Проверка перпендикулярности хода шпиндельной бабки зеркалу стола. Приспособление для проверки, разумеется, изготавливается на заводе, тем более что прямой угол не надо ничем измерять: поставил два таких приспособления на плоскость вплотную друг к другу, проверил по краске прилегание поверхностей, прошёлся шабером. И так много раз, пока не будет достигнуто требуемое прилегание, обычно измеряемое в пятнах на квадратный дюйм.
Приспособление для поверки направляющих: виден белый тампон для нанесения краски.
Поверочные плиты для определения плоскостности поверхностей. Тоже шабрятся и тоже без дополнительных приспособлений. Да, и изготавливаются подобные приспособления не парами, а тройками. Если делать пару, то одна плита может быть сферически выпуклой, другая вогнутой, а вот если тройку плит спаривать по кругу, то они уже точно получатся плоскими.
Термостатированный закуток с бытовым кондиционером.

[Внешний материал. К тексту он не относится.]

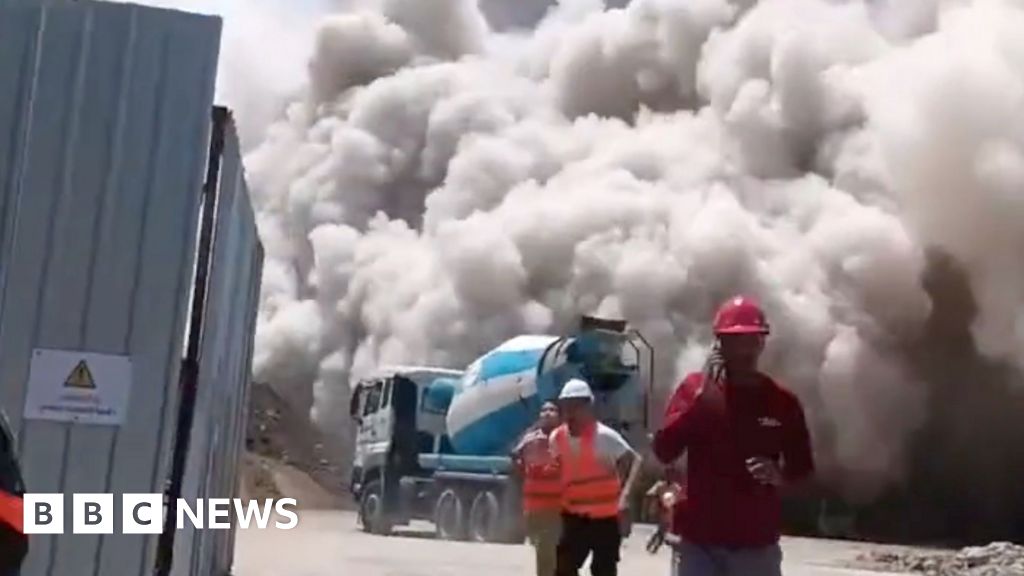 Moment Bangkok high-rise under construction collapses following Myanmar quake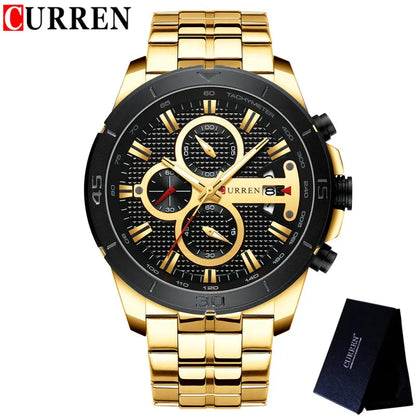 Stainless Steel Chronograph Watch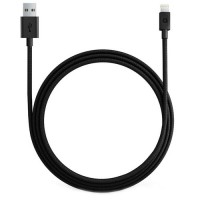 Кабель ZUS Kevlar Charging Cable Lightning/USB Straight (1,2 м) чёрный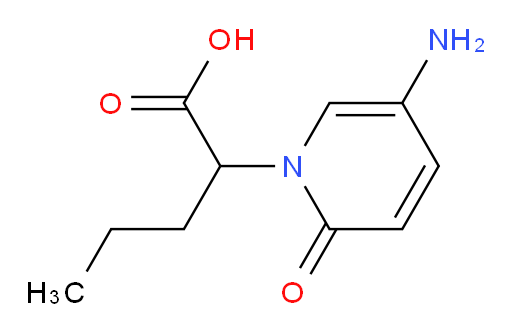 2-(5-amino-2-oxo-1,2-dihydropyridin-1-yl)pentanoic acid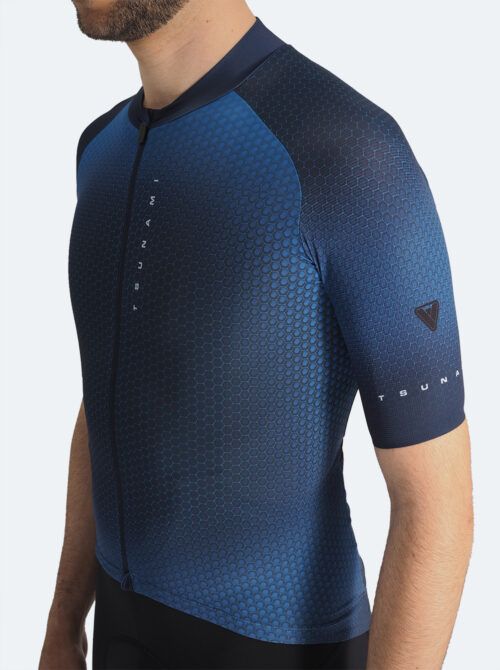 Maillot ciclismo hombre Angliru azul - Imagen 4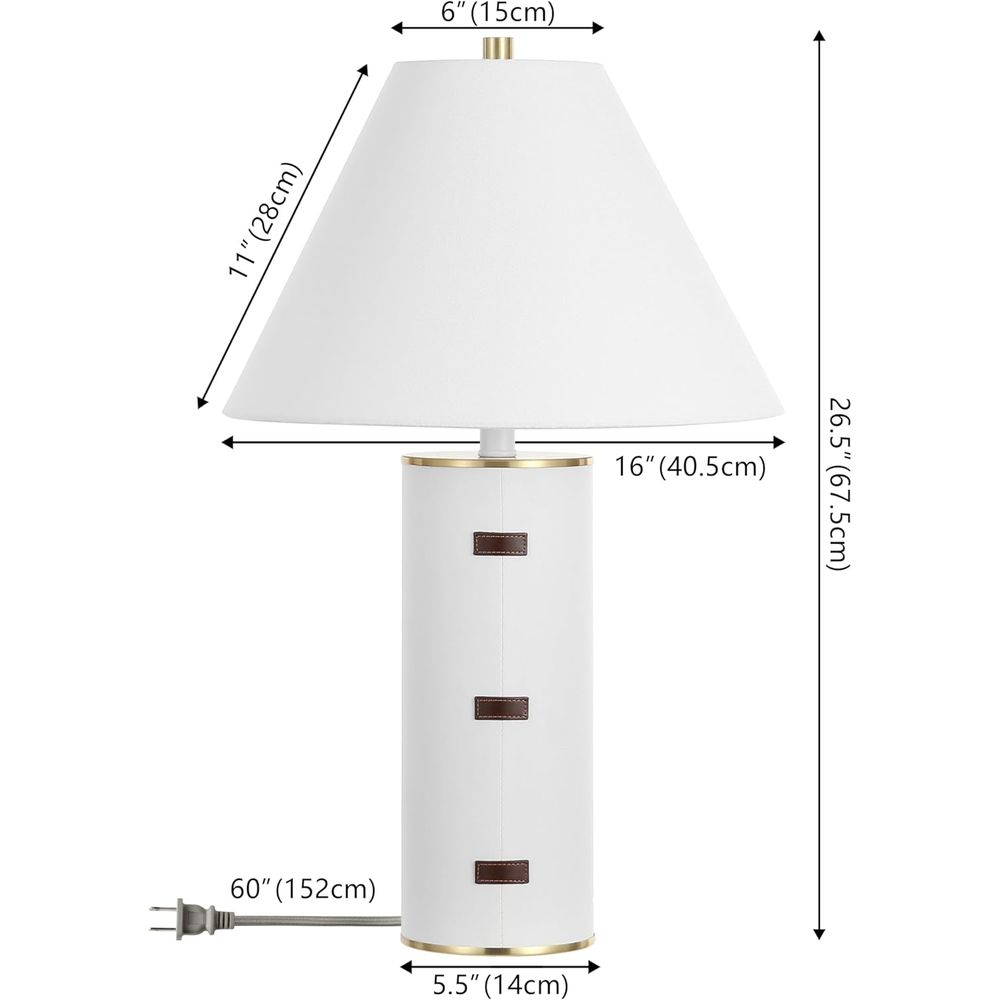 27-inch LED Table Lamp - White - огляд і ціна Office Table Home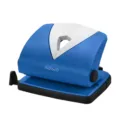 Stevige 2 gats perforator blauw wit kantoor papierperforator kantoorartikelen - 91R8 / Blauw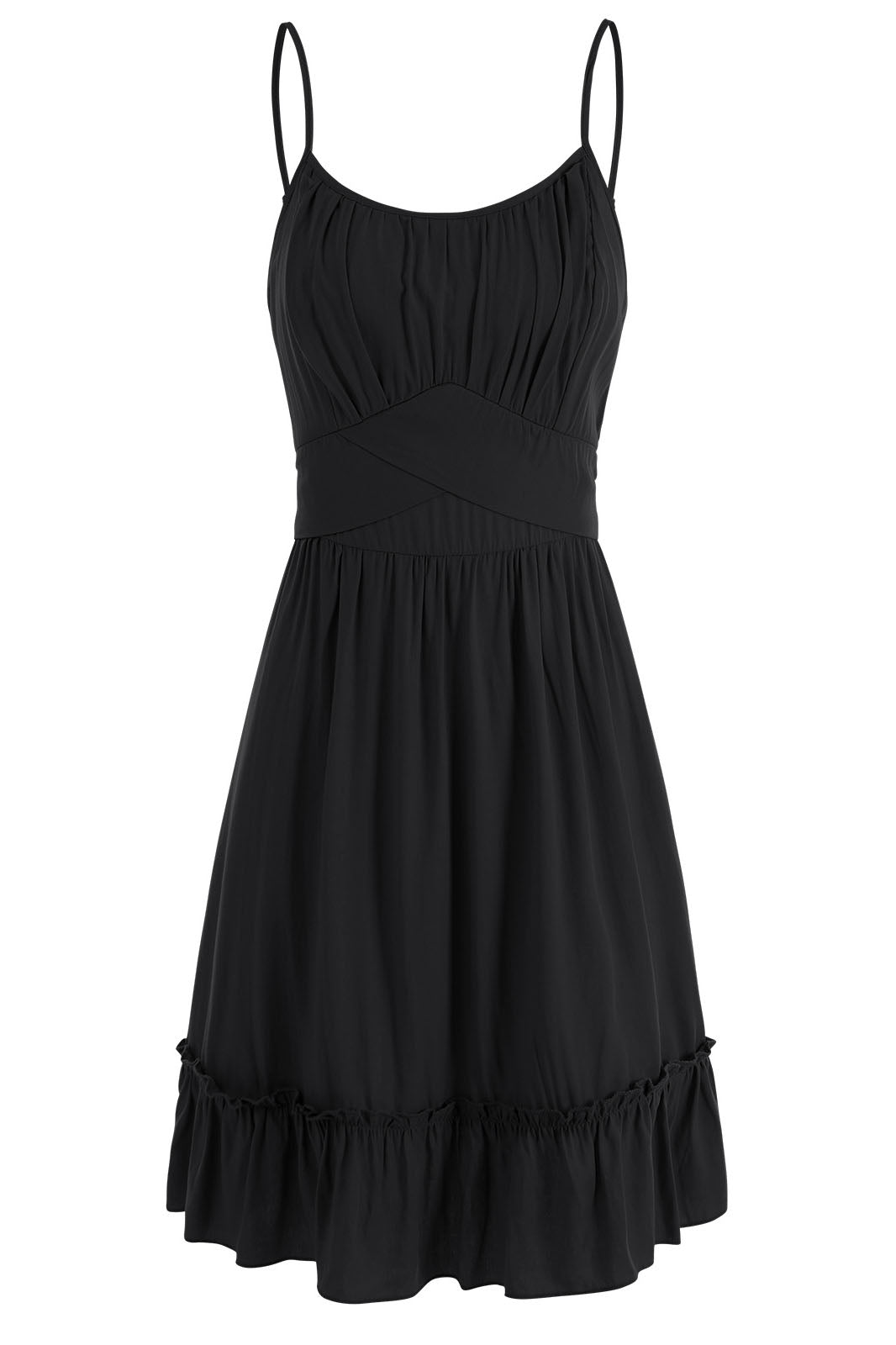 Rückenfreies Kleid mit Kreuzschleifenträgern vorne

Сам размер помещения, близость стенок с никакой теплоизоляцией, отсутствие шлюзов – как это не похоже на ту термостатированную зону, которая была раньше.
Раньше всё это помещение, находящееся в торце цеха, занимало холодильное оборудование, а градирни были на улице. Теперь – тоже производственный участок.
Послесловие
С одной стороны современному производству станков не нужны все эти цеха изготовления нормалей, термичка, штамповка – многое из того, что при социализме мы делали кустарным способом, теперь можно заказать на специализированных предприятиях. С другой стороны, когда из бывшего коллектива остаётся 1/30, даже не возникает вопроса: стакан на 1/30 полон или на 29/30 пуст. Да и те несколько станков, которые я видел на сборке, собираются из тех отливок (станин, стоек и пр.), которые остались с 80-х – так мало производство, что ещё не все те отливки использовали.
И всё же производство существует! Остались люди, которые помнят, как оно должно работать, и которые знают, как этого добиться. Остались цеха, построенные под это производство, осталось оборудование в цехах, а вернуть на место те же холодильники для кондиционирования сборочного цеха – вообще не вопрос.
Но всё это заканчивается. Геннадий Васильевич Дергачёв уже ушёл из жизни, главному конструктору Валерию Николаевичу Филиппову за семьдесят, а упомянутый мной в начале статьи Александр Морозов после второго инсульта больше не работает.
И как знать, возможно, через какое-то время секреты создания высокоточных станков будут утеряны окончательно. Вот я и попытался их запечатлеть.